With the rise of free-to-play games in mobile, the death of premium-priced titles has long been foretold. But they seem to stick around regardless. And if the success of Monument Valley 2 is any indication, premium mobile games will be around for some time.
Today, developer Ustwo Games revealed that the sequel took in more than $10 million in its first year, topping the $5.8 million the original Monument Valley made in its initial 12 months. Premium games might not be the most lucrative games on mobile, especially when compared to free-to-play giants like Fortnite or Clash of Clans, but that doesn’t mean they can’t still make big money. “I think it has kind of plateaued,” Ustwo studio head Dan Gray says of the premium market. “It definitely hasn’t died, which is what everyone said every year for the past six years.”
Ustwo is unusually open with these kinds of figures, regularly releasing infographics that detail how its games performed. (That includes the games that don’t do as well as expected.) For Monument Valley 2, there are a number of interesting details to pull out. The game was more successful over those 12 months for a few reasons. First, there was the surprise launch onstage at Apple’s WWDC, which led to a big debut. Monument Valley 2 pulled in $728,000 on its launch day alone. It also had a global launch, which — most importantly — meant being available in China from the outset. China accounted for 62 percent of all Monument Valley 2 sales compared to 16 percent for the US, the next biggest market. The game also had the advantage of being a sequel, so millions of players already knew what to expect when it came out.
That success came at a cost, however. Monument Valley 2 was much more expensive than its predecessor to produce, with an estimated budget of $2.2 million. Part of that came down to the team size doubling from eight to 16, as well as increased marketing costs of more than $500,000. It’s also expensive to make a game in London, and those costs keep going up.
But much of the added cost was also due to the game itself.

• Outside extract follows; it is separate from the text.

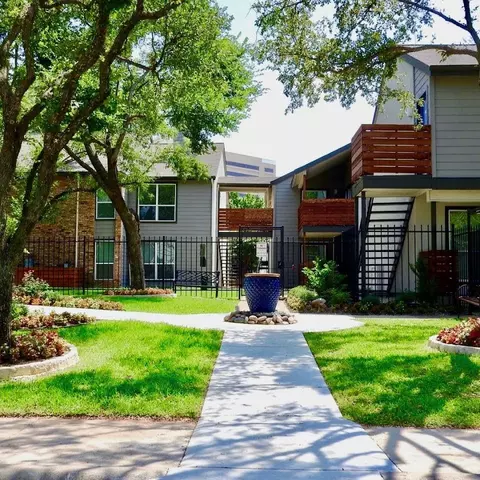 5444 Peterson Ln #21-1013, Dallas, TX 75240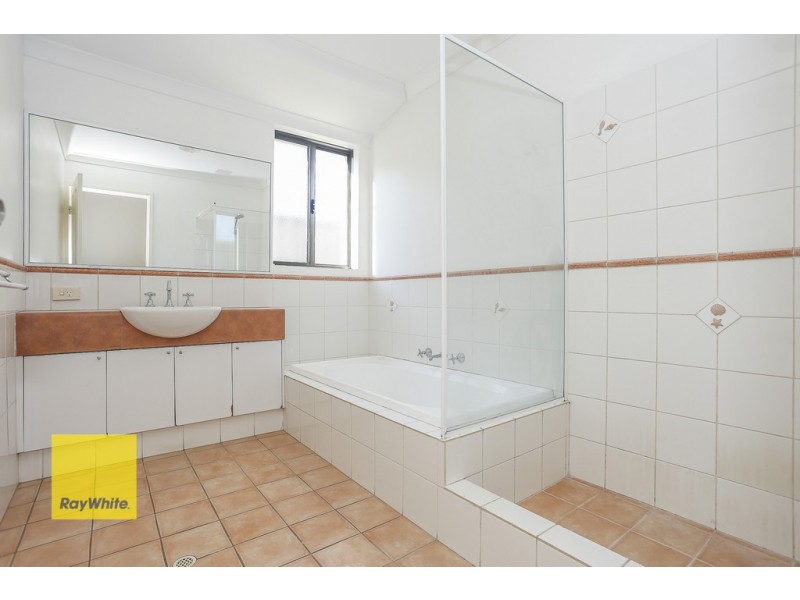 29 Brightlands Circuit, Carramar WA 6031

Monument Valley 2 was larger than the first game, with 14 chapters to play through compared to the original’s 10, and the team spent more time on visual polish. “We were obsessed with making the visual quality better than the first game, which means that we spent a lot more on design. We threw a lot more levels away that we weren’t happy with. We were definitely a lot more picky with the second game,” says Gray. “If we’re going to make successful premium games, they need to look and feel undeniably premium.”
While it has got off to a better start than the original, it might be hard to keep up that momentum. The first Monument Valley was actually more lucrative in its second year than its first, thanks to a confluence of factors, including a free promotion from Apple, a belated launch in China, and an unexpected feature on Netflix’s House of Cards. Those aren’t exactly things you can plan for with a sequel.
With Monument Valley 2, Ustwo tried to be a bit more methodical in its approach. It kept the game a secret until launch and partnered with Tencent early on to ensure a smooth Chinese debut. “You don’t just want to rely on word of mouth,” says Gray. “It’s great, Monument Valley 1 was a success because of word of mouth. But you would like to think that you have a bit more control over it, you can amplify it.”
Video game companies are typically very guarded about sales numbers, unless they’re boasting about new milestones. But for Ustwo these infographics have become something of an annual tradition. “It’s harder and harder to make successful, premium, paid mobile games,” says Gray. “So I would rather help people out.” He says that the community of premium mobile game developers is very communicative, sharing details like release dates ahead of time to avoid clashing with each other. “It’s kind of like this secret society of people trying to help each other out,” he says.
For Ustwo, the success of the Monument Valley series means a new degree of freedom. Creating a sequel to a beloved mobile game may have seemed like something of a sure thing, but whatever the studio does next likely won’t be such a safe bet.
“This is the time to take risks,” says Gray. “We’re fortunate. The game has done well. I’d like to use those finances to do some really risky projects that no one is taking risks on. Maybe talk about topics I don’t feel the games industry is talking about, try delivery methods that I don’t think are being done right now. These are the times we should be taking risks.”